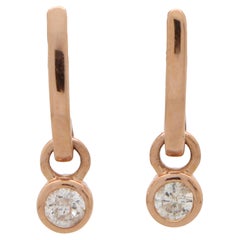 Orecchini a cerchio a goccia con diamante in oro rosa 14 carati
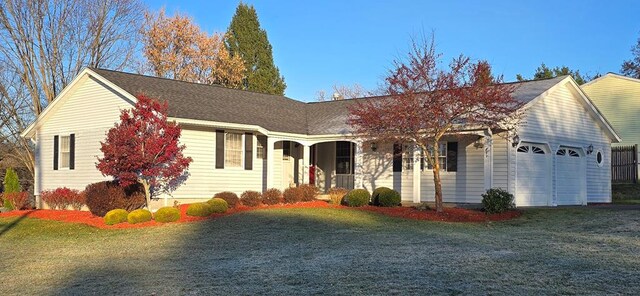 single story home featuring a porch, a front yard, and a garage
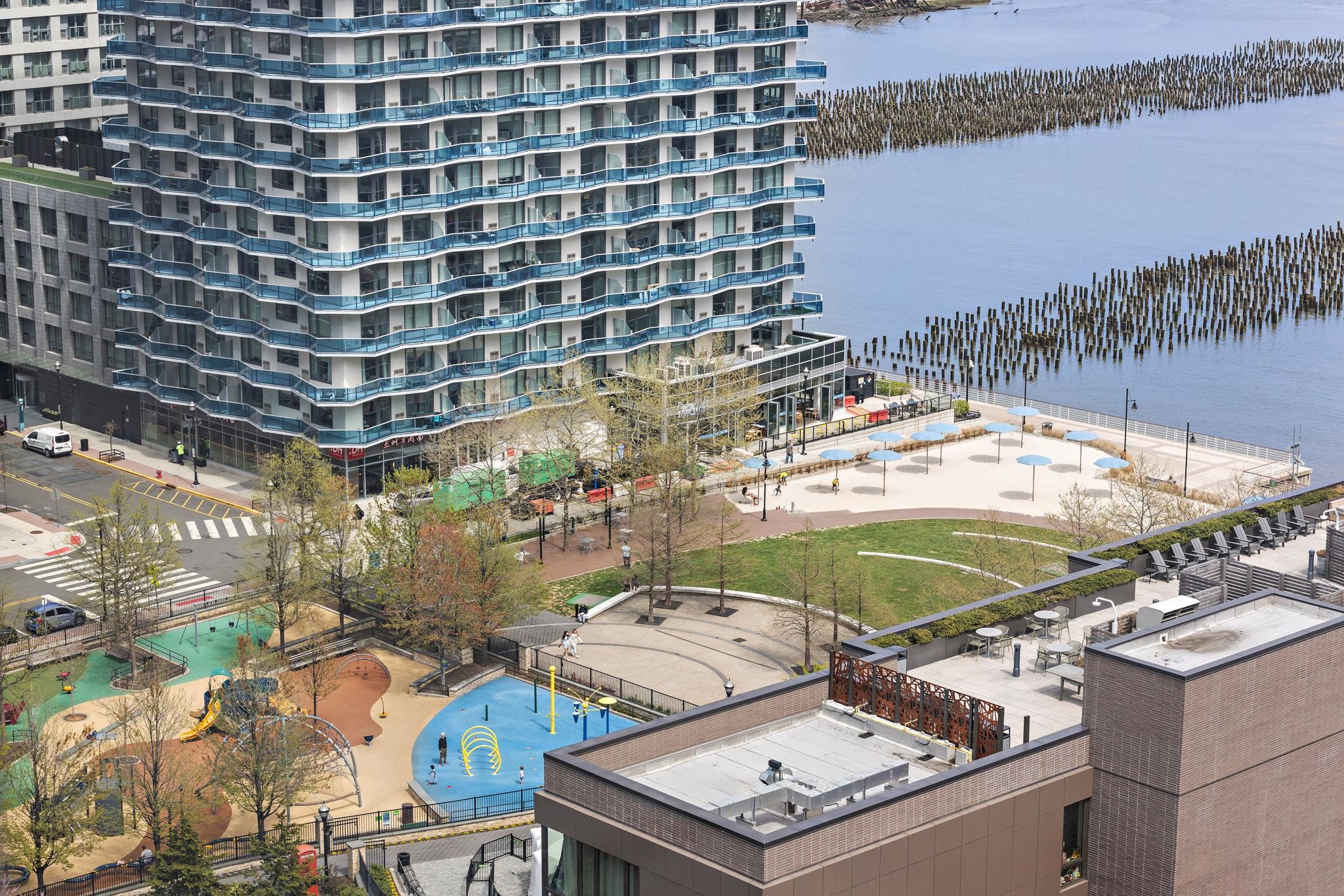 75 Park Lane South, Unit 1607 Jersey City, NJ 07310 - Photo 16 of 20 a view of a balcony with an outdoor space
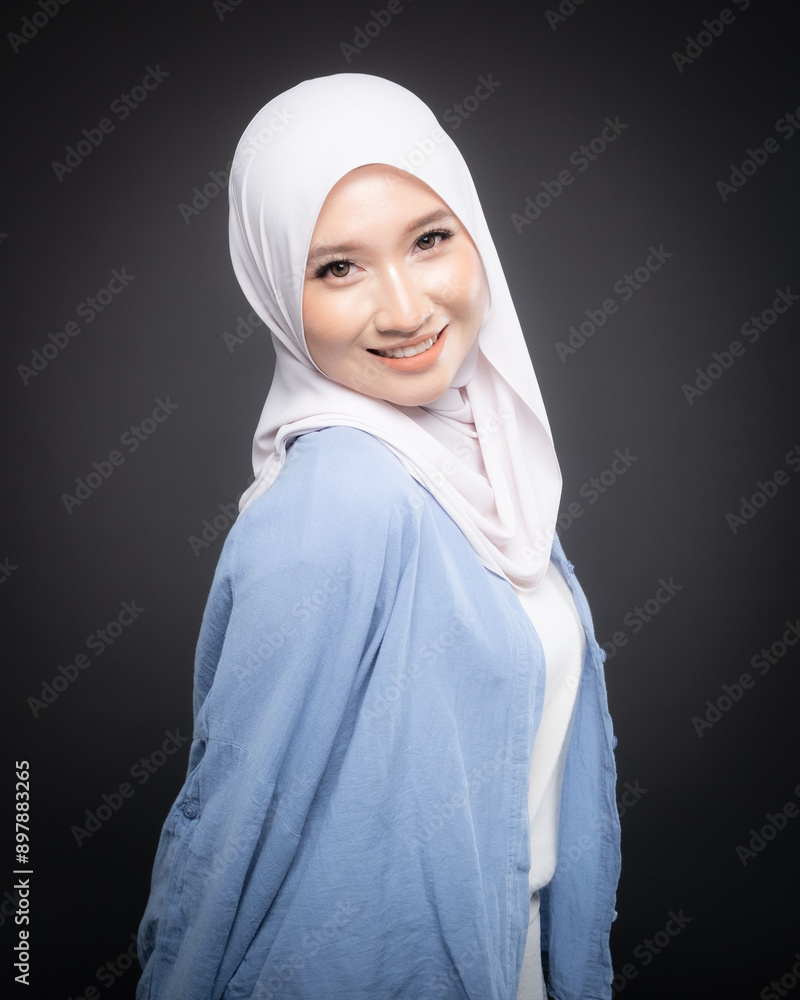 Portrait of a beautiful Malaysian and Indonesian Muslim young women wearing modern and casual wear with hijab on isolated studio background. Modern hijab fashion and beauty concept Portrait of a beautiful Malaysian and Indonesian Muslim young women wearing modern and casual wear with hijab on isolated studio background. Modern hijab fashion and beauty concept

........

* Exercise details
Write out again, exactly, only the lines from the beginning of the material above to the line that holds "75 Park Lane", both ends included, and no pictures.

* Finished task
 Orecchini a cerchio a goccia con diamante in oro rosa 14 carati
 single story home featuring a porch, a front yard, and a garage
 75 Park Lane South, Unit 1607 Jersey City, NJ 07310 - Photo 16 of 20 a view of a balcony with an outdoor space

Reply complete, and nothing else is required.